Ele aparece em uma foto que rodou a internet nas semanas dos Jogos. É um registro de bastidores, da zona dos fotógrafos em uma das competições. Não é possível saber qual a modalidade, mas uma coisa logo se destaca: um fotógrafo de cabelos brancos aparece no centro da imagem, compenetrado no seu trabalho e munido apenas de uma câmera antiga, destoando totalmente de seus colegas que carregam câmeras ultramodernas.

Não é de hoje que David aposta em máquinas fotográficas analógicas para registrar as Olimpíadas. Ele tem utilizado uma sexagenária câmera Speed Graphic desde os jogos de Atenas, em 2004. E também para registrar outro emblemático evento que acontece de quatro em quatro anos: as eleições presidenciais dos Estados Unidos.

Disputa do salto com vara em 1996 registrada por David Burnett
Disputa do salto com vara em 1996 registrada por David Burnett

“Há uma sensação especial que se passa com as imagens que você tira com essa câmera. É bem diferente da sensação passada pelas câmeras digitais menores, e é o que eu gosto, pois remete a uma época mais antiga e também a uma interpretação pessoal minha”, conta, em entrevista ao Risca Faca.

É visivelmente pessoal a abordagem das fotografias de David em sua cobertura esportiva.

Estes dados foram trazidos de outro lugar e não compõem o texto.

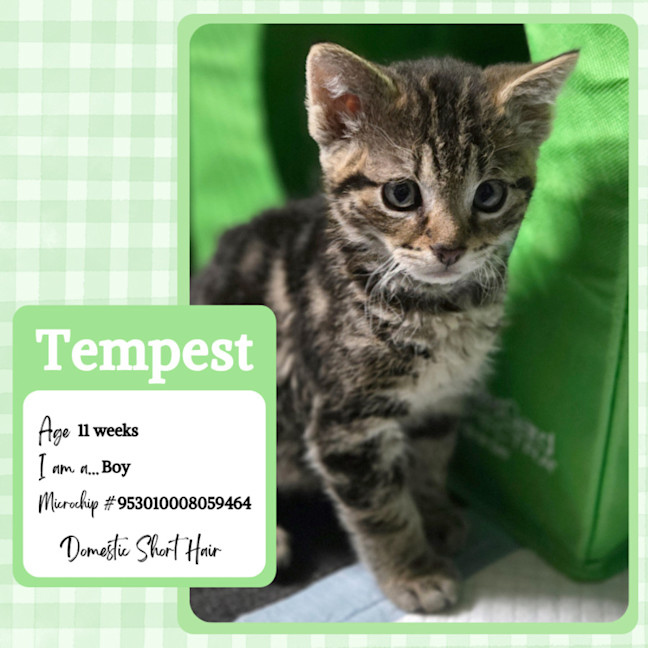 Photo of Tempest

São registros de etapas quase diametralmente opostas: os momentos de extrema ação e os de calmaria antes dos eventos. Ambos compõem um de seus livros – “Man Without Gravity” – e podem ser vistos nas fotos dos jogos do Rio 2016 em seu Instagram.

David diz apreciar os instantes de alta tensão, mas que também acha que os de silenciosa reflexão são talvez tão importantes quanto. Para ele, nenhum atleta passa 100% do tempo correndo. Eles pensam em um plano de como vão atuar e são nesses pontos em que surgem as possibilidades de fotos que estão além dos simples registros de ação.

“Eu não sei se isso é aplicável para todos, mas eu procuro por fotos que vão trazer uma reação humana. Algo com personalidade, moção, drama ou até mesmo uma bela composição. São coisas que podem trazer ao espectador a um novo nível de apreciação.”

Nas horas entre seus cliques, David tem observado os jogos no Rio. Ele, que já esteve no Brasil antes, conta que sua maior decepção com a organização foi com a comida das arenas e centros de competição. “Sei o quão gostosa e vibrante é a culinária brasileira, até com pratos simples. Então só ver pão e queijos é um pouco desapontador. A boa notícia é que ainda existem centenas de ótimos restaurantes na cidade.”

No último dia das Olimpíadas no Rio de Janeiro, a repercussão dos jogos começa ser evidente. As obras bilionárias foram entregues e a organização foi posta à prova. A cidade viveu momentos de glórias e tensão. Mais do que isso, foram escritas histórias: as consagrações e decepções dos atletas. De Isaquias, Rafaela, Thiago, Phelps e Bolt. Mas também de Lochte e Lavillenie. David e sua Speed Graphic estiveram lá para registrá-las.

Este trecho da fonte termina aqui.